Theater blurs or even negates the line between spectators and performers. In its extreme version everybody, all the time, is an actor. And "actors" in public performances can also be "actors" in social life, actors who help make things happen — for good or for ill. Although our life "in public" is a series of performances, our roles are often construed as "bit parts." But every moment is a "teachable moment;" every public appearance is an opportunity to do something new and to experience something new. Thus anybody, at least in theory, can practice the craft of illegitimate theater. The "performances" that come from this practice can be simple or elaborate, impromptu or painstakingly rehearsed. The point is to cause ripples in the everyday stream of life.

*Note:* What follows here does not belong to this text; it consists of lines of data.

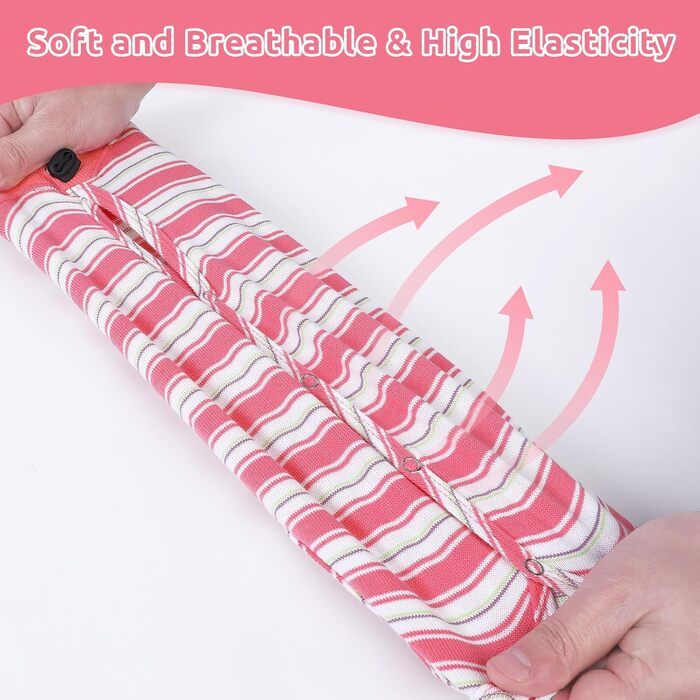 Одяг для котів після операції Citétoile: Комбінезон для захисту рани, альтернатива електронного комірця, рожевий, розмір M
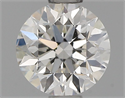 Natural Diamond 0.70 Carats, Round with Very Good Cut, I Color, VS2 Clarity and Certified by GIA
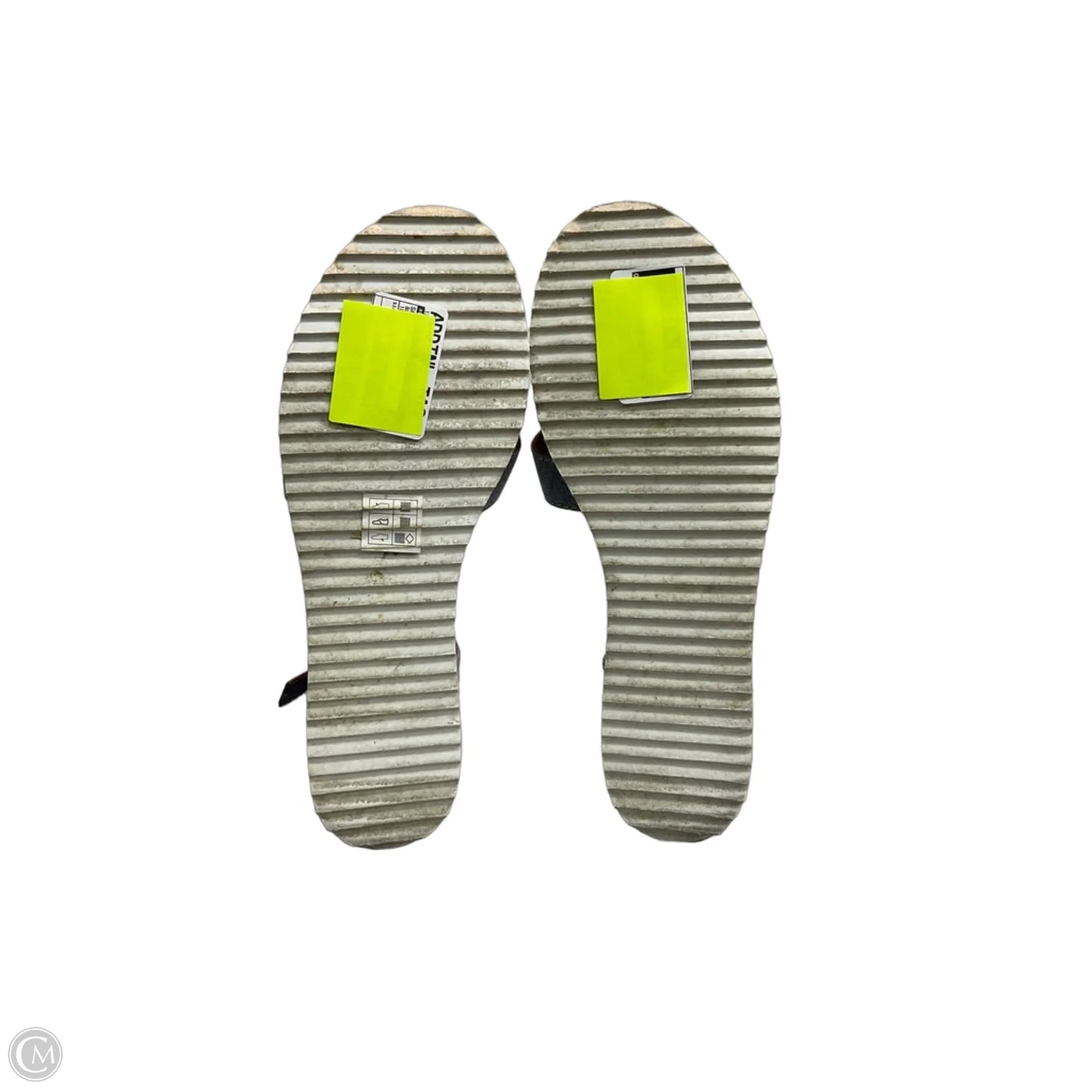 Sandals Flats By Bobs In Blue, Size: 10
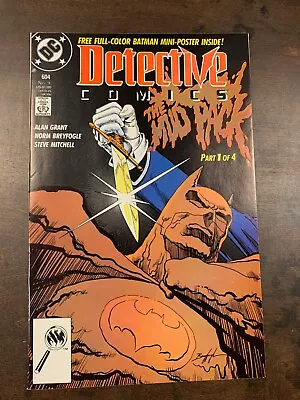 Buy Detective Comics  #604  (dc Comics Batman ) Vf- • 3.19£
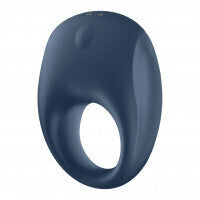 Satisfyer App Enabled Strong One Cock Ring Blue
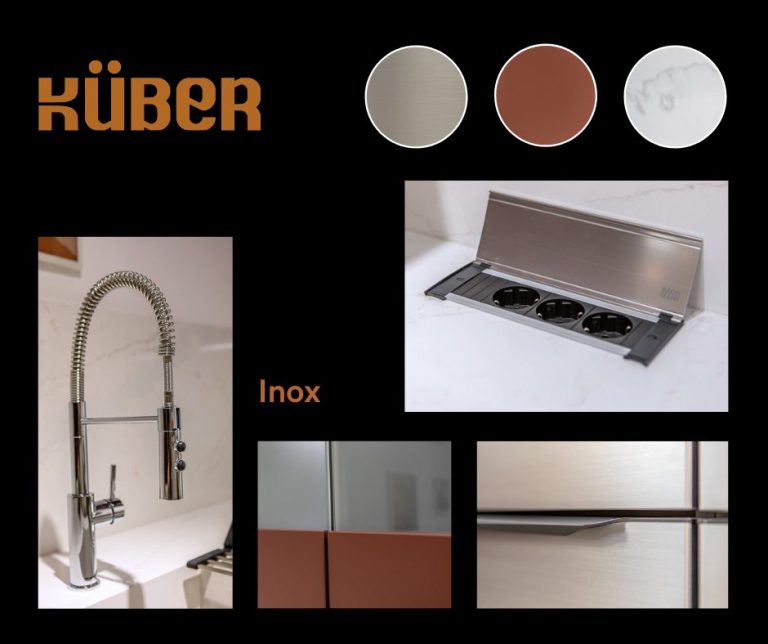 Extravagáns inox – Moodboard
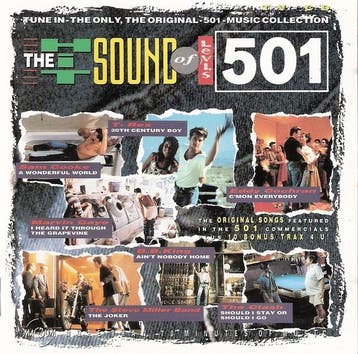Various - The Hitsound Of Levis 501, Verzenden
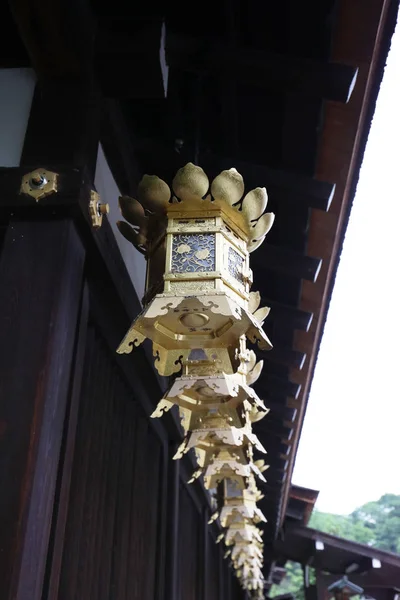 Храм Симогамо Одно Старейших Святынь Японии — стоковое фото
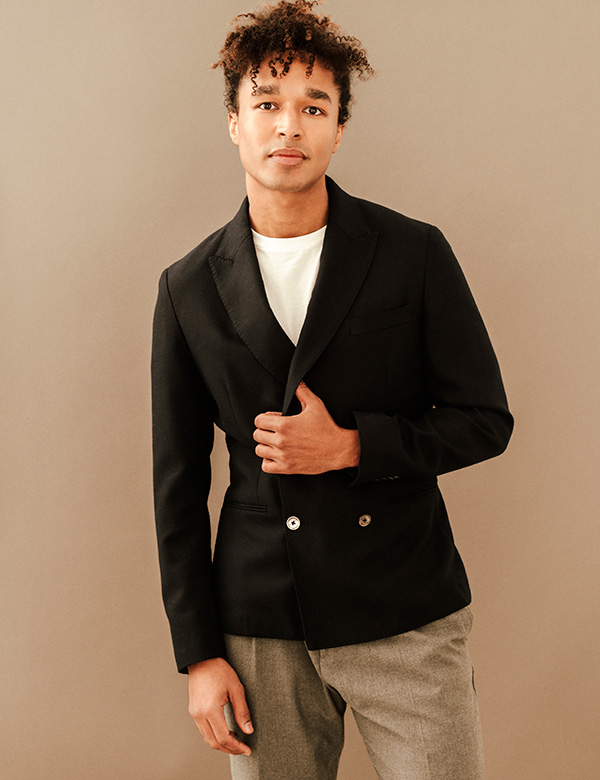 Mannelijk model met draad Daley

Illegitimate theater, like is predecessors "legitimate" or otherwise, can be used to provoke emotional reactions, discussion or reflection. Practiced successfully and in a great number of venues, illegitimate theater could help foster positive social change and increased democratization of culture.

Solution: 

Illegitimate theater represents a intriguing set of possibilities for interactions between people that can lead to social change. Performance as a deeply human phenomenon can be explored by audience and performers alike in our quest for a better world.

Verbiage for pattern card: 

Theater, viewing and participating in performances, is an ancient yet vital cultural force. Theater — particularly its "illegitimate" forms — can punctuate the ordinary and evoke new and unexpected experiences. Anybody can practice Illegitimate Theater that causes ripples in the everyday stream of life. It can be used to provoke emotional reactions, discussion or reflection. It can even help foster social change and the democratization of culture.